Le cas Köhler

L’Allemagne est à la recherche d’un nouveau président (ou d’une présidente), après la brusque démission de Horst Köhler, qui avait été élu pour un second mandat en mai 2009. Ancien « sherpa » du chancelier Helmut Kohl pour les réunions du G7 et ancien directeur du Fond monétaire international, Horst Köhler a tiré les conséquences des vives critiques que lui avait values un entretien donné à la radio publique Deutschlandfunk au retour d’une visite auprès des soldats allemands en Afghanistan. Le président de la République fédérale avait expliqué que les intérêts économiques allemands pouvaient dans certains cas justifier des interventions militaires à l’étranger.

C’est la première fois dans les six décennies d’histoire de l’Allemagne fédérale qu’un chef de l’Etat quitte ses fonctions pour des raisons politiques. La chancelière Angela Merkel a cherché jusqu’au dernier moment à dissuader Horst Köhler de donner sa démission, craignant une « crise de l’Etat ». En 2004, alors dans l’opposition, elle était allée chercher le directeur du FMI pour assumer une tâche essentiellement honorifique mais qui, dans des circonstances exceptionnelles, peut donner à son détenteur une influence politique déterminante. Economiste, Horst Köhler a toujours eu du mal à se glisser dans les habits d’un homme politique.
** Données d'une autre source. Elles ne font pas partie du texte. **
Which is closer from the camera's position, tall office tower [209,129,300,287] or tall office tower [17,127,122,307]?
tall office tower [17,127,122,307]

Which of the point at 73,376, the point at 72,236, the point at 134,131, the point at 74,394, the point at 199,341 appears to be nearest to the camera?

La Loi fondamentale de la RFA n’a accordé que des pouvoirs très restreints au président de la République, par opposition au chef de l’Etat de la République de Weimar, élu au suffrage universel. Depuis 1949, il est élu par l’Assemblée fédérale, une institution qui comprend les députés au Bundestag et autant de délégués des Länder et qui ne se réunit qu’à cette occasion. L’art du président fédéral est de tirer le meilleur parti de ses limites institutionnelles, par le seul moyen dont il dispose, le discours. Mais ontrairement à nombre de ses prédécesseurs, Horst Köhler n’a jamais maîtrisé l’art du discours, comme le rappelle le magazine Der Spiegel.

En Afghanistan, le président avait rendu visite aux troupes allemandes qui font partie de la force internationale de stabilisation. C’était sa première visite, alors qu’une quarantaine de soldats allemands sont morts dans le nord du pays et que quelques « bavures » dont la Bundeswehr est rendue responsable ont renforcé l’hostilité de l’opinion allemande aux actions militaires extérieures. Pendant des années et jusqu’à récemment, les autorités allemandes se sont refusé à qualifier de « guerre » l’engagement de leurs quatre mille soldats en Afghanistan. Elles ont essayé de maintenir la fiction d’une armée essentiellement occupée à des missions de pacification, de construction de routes et d’écoles, malgré les accrochages de plus en plus fréquents et de plus en plus violents avec les talibans. Armée de « citoyens en uniforme », la Bundeswehr est mal préparée moralement à ce genre d’opérations.

« Protéger nos intérêts »

Sur place, Horst Köhler s’est étonné que les soldats allemands ne lui apparaissent pas convaincus de la victoire. Puis sur le chemin, du retour en Allemagne, il a accordé un entretien au Deutschlandfunk, en expliquant : « Un pays de notre taille, avec son activité orientée vers les exportations et donc une dépendance par rapport au commerce international doit savoir que dans le doute, en cas d’urgence, une intervention militaire peut être nécessaire pour protéger nos intérêts, par exemple la liberté des échanges commerciaux. »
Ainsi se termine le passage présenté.